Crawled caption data
• • • • •

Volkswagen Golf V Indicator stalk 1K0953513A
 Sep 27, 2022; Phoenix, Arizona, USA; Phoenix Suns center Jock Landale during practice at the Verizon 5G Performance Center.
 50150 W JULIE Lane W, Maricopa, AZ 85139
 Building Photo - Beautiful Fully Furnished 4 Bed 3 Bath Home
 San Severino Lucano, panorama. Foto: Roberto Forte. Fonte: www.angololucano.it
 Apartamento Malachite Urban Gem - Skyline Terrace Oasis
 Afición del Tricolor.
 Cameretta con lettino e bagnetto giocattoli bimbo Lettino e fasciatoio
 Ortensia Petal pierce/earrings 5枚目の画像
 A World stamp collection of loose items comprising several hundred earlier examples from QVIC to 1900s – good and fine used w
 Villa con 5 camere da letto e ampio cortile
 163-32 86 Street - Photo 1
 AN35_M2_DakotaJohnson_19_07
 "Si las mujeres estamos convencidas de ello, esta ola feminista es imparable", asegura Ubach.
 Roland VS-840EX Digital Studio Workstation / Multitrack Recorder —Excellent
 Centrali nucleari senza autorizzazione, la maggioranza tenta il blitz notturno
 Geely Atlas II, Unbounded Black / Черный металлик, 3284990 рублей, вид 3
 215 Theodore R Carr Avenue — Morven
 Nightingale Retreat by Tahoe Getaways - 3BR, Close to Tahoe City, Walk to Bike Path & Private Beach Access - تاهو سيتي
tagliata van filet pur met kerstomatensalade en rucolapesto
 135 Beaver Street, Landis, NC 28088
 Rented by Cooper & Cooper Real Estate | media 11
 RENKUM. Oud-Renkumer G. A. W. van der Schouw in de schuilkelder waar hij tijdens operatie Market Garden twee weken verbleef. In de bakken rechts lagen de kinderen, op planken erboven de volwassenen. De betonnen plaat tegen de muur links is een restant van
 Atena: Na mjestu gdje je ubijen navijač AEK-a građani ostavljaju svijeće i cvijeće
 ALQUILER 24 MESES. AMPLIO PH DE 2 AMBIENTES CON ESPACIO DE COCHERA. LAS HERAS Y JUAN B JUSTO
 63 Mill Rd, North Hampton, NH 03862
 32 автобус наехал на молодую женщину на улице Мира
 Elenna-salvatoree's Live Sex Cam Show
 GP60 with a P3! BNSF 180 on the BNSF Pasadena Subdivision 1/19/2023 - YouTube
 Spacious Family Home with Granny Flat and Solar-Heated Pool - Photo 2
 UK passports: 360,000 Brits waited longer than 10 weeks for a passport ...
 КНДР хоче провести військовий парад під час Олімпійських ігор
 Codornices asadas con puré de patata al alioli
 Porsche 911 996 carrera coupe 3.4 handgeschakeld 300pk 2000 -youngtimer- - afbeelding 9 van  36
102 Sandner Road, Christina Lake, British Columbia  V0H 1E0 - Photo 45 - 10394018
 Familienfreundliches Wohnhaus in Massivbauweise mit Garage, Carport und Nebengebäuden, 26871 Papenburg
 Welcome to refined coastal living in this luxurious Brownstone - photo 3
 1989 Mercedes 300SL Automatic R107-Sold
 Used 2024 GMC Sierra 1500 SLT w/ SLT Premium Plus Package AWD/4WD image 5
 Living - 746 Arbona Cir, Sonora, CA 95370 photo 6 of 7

• • • • •

TASK INSTRUCTIONS =
Your answer must be an exact transcription of all the data above.

TASK OUTPUT =
Volkswagen Golf V Indicator stalk 1K0953513A
 Sep 27, 2022; Phoenix, Arizona, USA; Phoenix Suns center Jock Landale during practice at the Verizon 5G Performance Center.
 50150 W JULIE Lane W, Maricopa, AZ 85139
 Building Photo - Beautiful Fully Furnished 4 Bed 3 Bath Home
 San Severino Lucano, panorama. Foto: Roberto Forte. Fonte: www.angololucano.it
 Apartamento Malachite Urban Gem - Skyline Terrace Oasis
 Afición del Tricolor.
 Cameretta con lettino e bagnetto giocattoli bimbo Lettino e fasciatoio
 Ortensia Petal pierce/earrings 5枚目の画像
 A World stamp collection of loose items comprising several hundred earlier examples from QVIC to 1900s – good and fine used w
 Villa con 5 camere da letto e ampio cortile
 163-32 86 Street - Photo 1
 AN35_M2_DakotaJohnson_19_07
 "Si las mujeres estamos convencidas de ello, esta ola feminista es imparable", asegura Ubach.
 Roland VS-840EX Digital Studio Workstation / Multitrack Recorder —Excellent
 Centrali nucleari senza autorizzazione, la maggioranza tenta il blitz notturno
 Geely Atlas II, Unbounded Black / Черный металлик, 3284990 рублей, вид 3
 215 Theodore R Carr Avenue — Morven
 Nightingale Retreat by Tahoe Getaways - 3BR, Close to Tahoe City, Walk to Bike Path & Private Beach Access - تاهو سيتي
tagliata van filet pur met kerstomatensalade en rucolapesto
 135 Beaver Street, Landis, NC 28088
 Rented by Cooper & Cooper Real Estate | media 11
 RENKUM. Oud-Renkumer G. A. W. van der Schouw in de schuilkelder waar hij tijdens operatie Market Garden twee weken verbleef. In de bakken rechts lagen de kinderen, op planken erboven de volwassenen. De betonnen plaat tegen de muur links is een restant van
 Atena: Na mjestu gdje je ubijen navijač AEK-a građani ostavljaju svijeće i cvijeće
 ALQUILER 24 MESES. AMPLIO PH DE 2 AMBIENTES CON ESPACIO DE COCHERA. LAS HERAS Y JUAN B JUSTO
 63 Mill Rd, North Hampton, NH 03862
 32 автобус наехал на молодую женщину на улице Мира
 Elenna-salvatoree's Live Sex Cam Show
 GP60 with a P3! BNSF 180 on the BNSF Pasadena Subdivision 1/19/2023 - YouTube
 Spacious Family Home with Granny Flat and Solar-Heated Pool - Photo 2
 UK passports: 360,000 Brits waited longer than 10 weeks for a passport ...
 КНДР хоче провести військовий парад під час Олімпійських ігор
 Codornices asadas con puré de patata al alioli
 Porsche 911 996 carrera coupe 3.4 handgeschakeld 300pk 2000 -youngtimer- - afbeelding 9 van  36
102 Sandner Road, Christina Lake, British Columbia  V0H 1E0 - Photo 45 - 10394018
 Familienfreundliches Wohnhaus in Massivbauweise mit Garage, Carport und Nebengebäuden, 26871 Papenburg
 Welcome to refined coastal living in this luxurious Brownstone - photo 3
 1989 Mercedes 300SL Automatic R107-Sold
 Used 2024 GMC Sierra 1500 SLT w/ SLT Premium Plus Package AWD/4WD image 5
 Living - 746 Arbona Cir, Sonora, CA 95370 photo 6 of 7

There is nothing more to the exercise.